Manipulation and Persuasion
False Modesty, Self-Deprecation
Myths and Hoaxes
CLARISSA took to her work with wholehearted determination, though she seemed to have no confidence in her abilities at all. Whenever I gave her a job to do, she would begin stroking her muff and looking at the floor. She’d tell me that it sounded much too hard for her, but that she knew how much I was counting on her, and so she’d try, so long as I’d agree not to be angry with her if she couldn’t do the job the way it should be done. …
She actually made an asset of her timidity, especially when she was recruiting someone for a job. One afternoon I watched her, clipboard in hand, walk up to a group of kids in the hall and say, her eyes wide, her voice quavering, “I need six stagehands, but you don’t want to be stagehands, do you? Probably not. I don’t blame you. I do need six stagehands, though, and I need them right away. I don’t know why anybody would want to do it, really. There’s no glory to the job. You’ll have to work long hours, and you’ll get dirty and sweaty. While the other kids are taking bows, you’ll be backstage, out of sight. You’ll stand there with the applause ringing in your ears and a lump in your throat, thumping one another on the back, and the only satisfaction you’ll get is knowing that you’ve done something fine, really fine.” She brought her muff up to her face and rubbed her eyes with it. Then she swallowed hard, stood up straight and said, “It’s just not worth the trouble, I guess.” She started to walk away, but the boys and girls quickly surrounded her, climbing over one another trying to sign up.Little Follies, “The Girl with the White Fur Muff”
Manipulation or Emotional Manipulation is the use of devious means to exploit, control, or otherwise influence others to one’s advantage. In the extreme it is the purvey of tricksters, swindlers, and impostors who disrespect moral principles, deceive and take advantage of others’ frailty and gullibility. At the very least, manipulation is forced influence used to gain control, benefits, and/or privileges at the expense of the others.
Manipulation differs from general influence and persuasion. Persuasion is the ability to move a person or persons to a desired action, usually within the context of a specific goal. Influence and persuasion are neither positive nor negative. Influence is generally perceived to be harmless as it respects the right of the influenced to accept or reject it, and is not unduly coercive.Characteristics of manipulators
Studies of the predictors of emotional manipulation indicate that the mechanisms behind emotional manipulation differ as a function of gender:
“For males, higher levels of emotional intelligence, social information processing, indirect aggression, and self-serving cognitive distortions significantly predicted emotional manipulation.”
“For females, being younger, higher levels of emotional intelligence, indirect aggression, primary psychopathic traits, and lower levels of social awareness significantly predicted emotional manipulation. However for females, emotional intelligence acted as a suppressor.”Characteristics of manipulation
Common means of manipulation can be categorized as:
Positive reinforcement: includes praise, superficial charm, superficial sympathy (crocodile tears), excessive apologizing, money, approval, gifts, attention, facial expressions such as a forced laugh or smile, and public recognition.

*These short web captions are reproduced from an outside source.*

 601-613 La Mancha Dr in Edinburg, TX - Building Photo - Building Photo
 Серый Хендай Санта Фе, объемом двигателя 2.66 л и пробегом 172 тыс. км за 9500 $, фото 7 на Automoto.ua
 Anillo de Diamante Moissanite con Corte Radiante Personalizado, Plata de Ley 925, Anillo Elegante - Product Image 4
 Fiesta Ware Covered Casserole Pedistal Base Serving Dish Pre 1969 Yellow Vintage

Negative reinforcement: includes nagging, yelling, the silent treatment, intimidation, threats, swearing, emotional blackmail, guilt trips, sulking, crying, and playing the victim, using verbal abuse, explosive anger, or other intimidating behavior to establish dominance or superiority; even one incident of such behavior can condition or train victims to avoid upsetting, confronting or contradicting the manipulator.Manipulators exploit the following vulnerabilities:
Naïveté or immatur[ity] People who find it too hard to accept the idea that some people are cunning, devious and ruthless or are “in denial” if they are being taken advantage of
Over-conscientiousness People who are too willing to give another the benefit of the doubt and see their side of things.

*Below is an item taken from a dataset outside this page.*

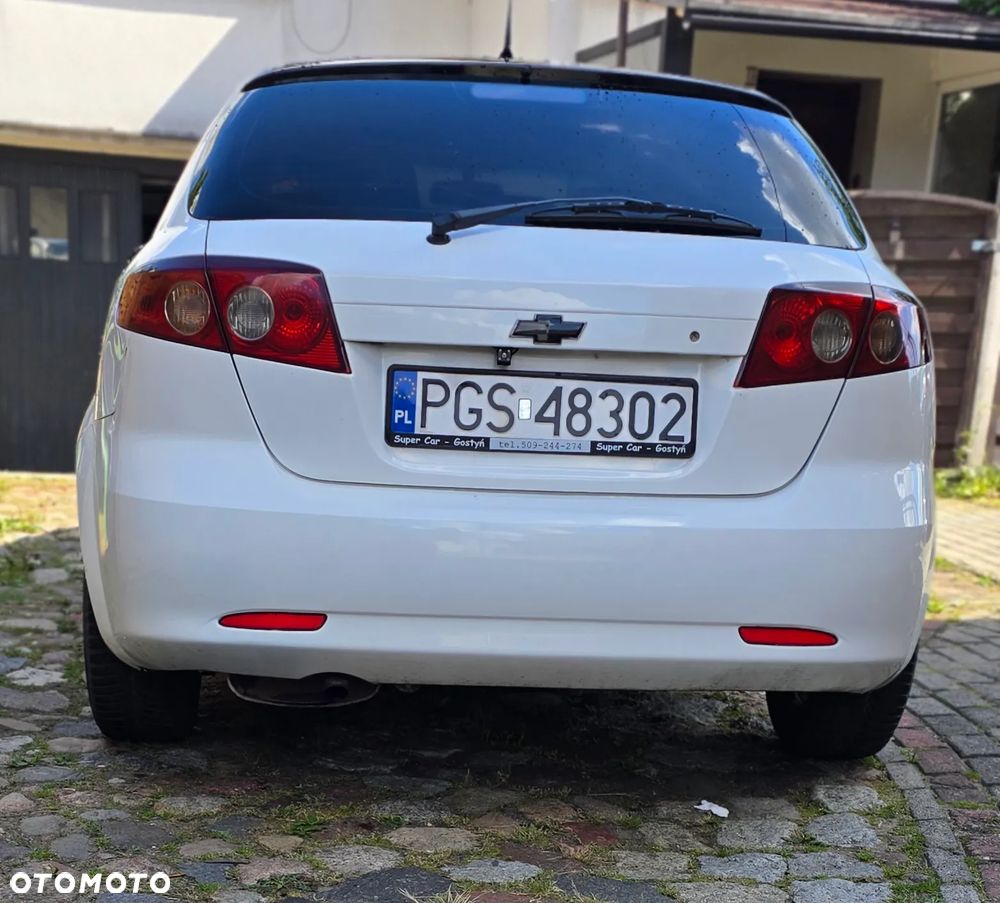 Chevrolet Lacetti - 4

Low self-esteem People who struggle with self-doubting, lacking in confidence and assertiveness, and who are likely to go on the defensive too easily.

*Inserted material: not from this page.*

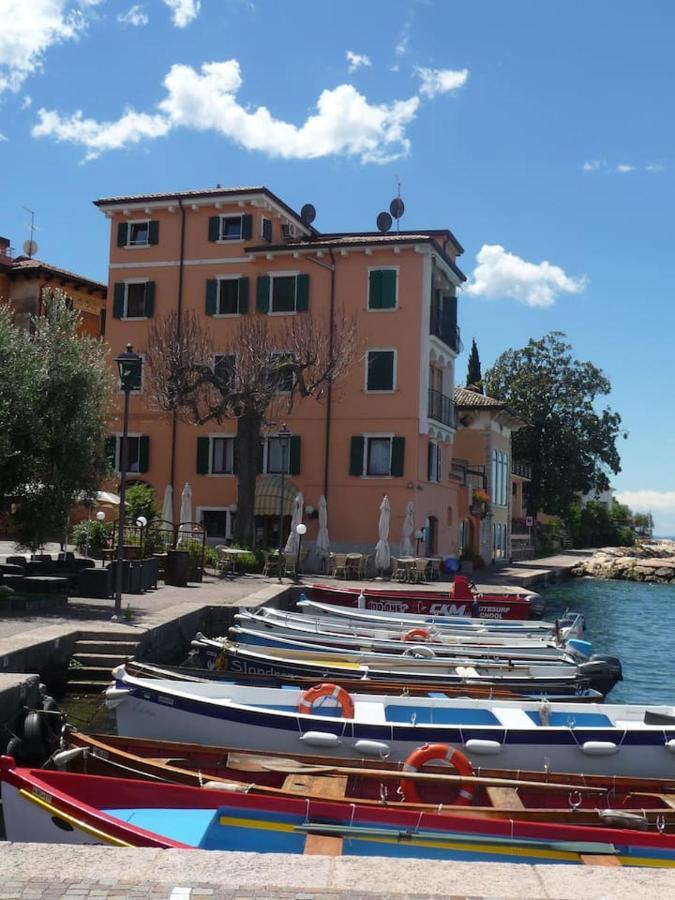 Villa Sul Lago Con Pontile Privato A Brenzone Sul Garda - Unique And Exclusive المظهر الخارجي الصورة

Over-intellectualization People who try too hard to understand and believe that others have some understandable reason to be manipulative.
Emotional dependency People who have a submissive or dependent personality. The more emotionally dependent a person is, the more vulnerable they are to being exploited and manipulated.
Greed People who are greedy and dishonest may be easily enticed to act in an immoral way.
Shouldn’t Vanity be in the list of vulnerabilities? Isn’t vanity the vulnerability that Clarissa exploited to recruit stagehands? (Was she, perhaps, “inspired” by Ernest Shackleton’s famous advertisement recruiting men for his “Imperial Trans Antarctic Expedition”?) Hmmm. Maybe vanity is included in low self-esteem.
BTW: The famous Shackleton ad may be a myth—possibly even a hoax. See “Shackleton Probably Never Took Out an Ad Seeking Men for a Hazardous Journey” by Colin Schultz in Smithsonian Magazine. Of course, being a myth or hoax would not have eliminated Shackleton’s ad as a source of “inspiration,” since much of what we fallible humans think and do is “inspired” by myths and hoaxes.